Già, è un singolare paradosso. L’Europa mette la testa nella sabbia, la democrazia appassisce,  e nel vuoto la forza la troviamo nell’appoggio di alcuni dittatori, a partire da Putin che avrà un ruolo decisivo in questa guerra.  Grazie alla nostra inerzia, dobbiamo affidarci a quei personaggi-tipo che abbiamo combattuto, anche con il sangue, durante tutto il Novecento.

  • In questi giorni emergono ancora una volta due nervi scoperti del sistema Paese francese. Il primo riguarda il servizio di intelligence: perché funziona così male?

Lei ha ragione, ne ho parlato anche con qualche esponente dei servizi. Ma per loro è un lavoro molto complicato, perché il nemico è in casa, vive e cresce con noi. E dunque è più difficile identificarlo.

  • Secondo nervo scoperto: la cattiva immigrazione, forse troppo lasca, con le periferie diventate bacini perfetti per reclutare e organizzare i soldati dell’Isis.
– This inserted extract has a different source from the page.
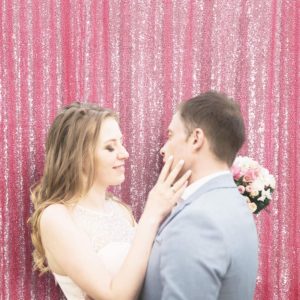 A bride and groom stand together, smiling in front of a shimmering pink sequin backdrop, capturing their joyful moment.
Le periferie rappresentano il fallimento della politica dell’immigrazione francese. Adesso ci  sarà un pesante giro di vite, ma il problema resta.

  • Ha un’idea su come affrontarlo?

Con grandi investimenti pubblici nelle periferie. Bisogna riuscire a svuotarle, almeno parzialmente, permettendo a molte persone di andare a vivere altrove e meglio. E’ un obiettivo complesso, mi rendo conto, e di lungo periodo, ma non possiamo continuare ad avere delle polveriere dove crescono e si moltiplicano i nostri nemici.

  • Quanto conta, in questa guerra, la diseguaglianza sociale di una globalizzazione così mal governata, come lei ha spesso denunciato?

Conta poco, perché qui siamo in presenza di un movimento patriottico, che fa leva su altri sentimenti, a partire dalle forzature religiose.

  • Vedremo lo stato dell’Isis espandersi fino a diventare per una parte degli arabi sunniti ciò che Israele è oggi per gli ebrei?

Qualcuno avanza questa ipotesi che considero semplicemente folle. Non potremo mai riconoscere né negoziare con uno stato di terroristi e di criminali. Piuttosto, sul fronte mediorientale ci sono altri stati, penso all’Iraq e alla Siria, tra i quali noi dobbiamo cercare i nostri alleati. Un motivo per avere l’Europa in campo e non, come adesso, barricata nel suo ipocrita immobilismo.

  • Lei ha paura?

No, ma vivo male.

  • Che cosa direbbe a una ragazzo della generazione Erasmus, abituato a viaggiare continuamente, a muoversi in libertà, di fronte a questo nuovo scenario?

Direi di considerarlo una tragica parentesi della storia. Prima o poi avremo un nuovo equilibrio geopolitico nel mondo, ma intanto specie per i giovani la vita deve continuare come prima. Prendano esempio dal coraggio dei parigini in queste drammatiche giornate: una lezione per tutti i ragazzi europei.